Onions and garlic

Feet that rarely touched solid ground: Vasco da Gama's final resting place, Mosteiro dos Jerónimos, Lisbon

“The East is a career,” wrote Disraeli of the work of imperialism. “Career” in Portuguese is carreira, and for centuries the carreira also meant the journey east: six or seven months in a cramped ship from Lisbon around Africa to India, no stopping. Portugal’s historical identity is tied up in the heroic voyages of discovery and conquest of five hundred years ago. Some say the Portuguese were the first agents of globalization, and in Portugal the caravel remains an icon of the country’s venturesome spirit. Yet Boxer tells us that in ocean-braving Portugal, wanting to be a sailor was like wanting a disease. It was desperation work. To scrape crews together some men were pressed into service, and chained to the deck until the ship left harbor.

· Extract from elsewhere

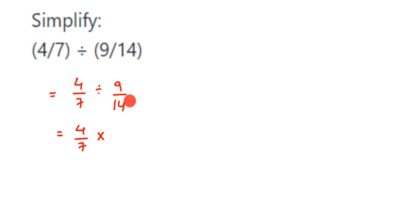After this, try to cancel numbers if possible. So you can cancel 7 and 14: 7 ones are 7, 2 sevens are 14. And we cannot cancel any number further, so just multiply. 4 times 2 is 8.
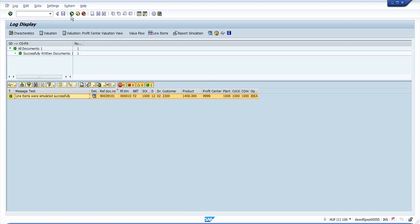This is a very useful tool for us to simulate the billing document transfer to COPA, to see the derivation, the distribution of the characteristics, the value flow from SD to COPA, and as well as the valuation. This should help you to solve most of your issues in COPA during billing.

So even though Portugal had centuries of experience navigating the seas, ships were largely manned by novices who only learned to sail on route. One captain, frustrated that his crew couldn’t tell port from starboard, tied bags of garlic to one side of the ship and onions to the other. “Now,” he ordered his pilot, “tell them to onion their helm, or to garlic their helm, and they will understand quick enough.”

Spain had the same problem. According to one British observer of the Spanish fleet, in 1731, “the people were so ignorant what ropes they were to go to, having been put on board in such a hurry, that they put cards on all the different ropes, and so were ordered to ‘Pull away the Ace of Spades,’ ‘Make fast the King of Hearts,’ and so on.”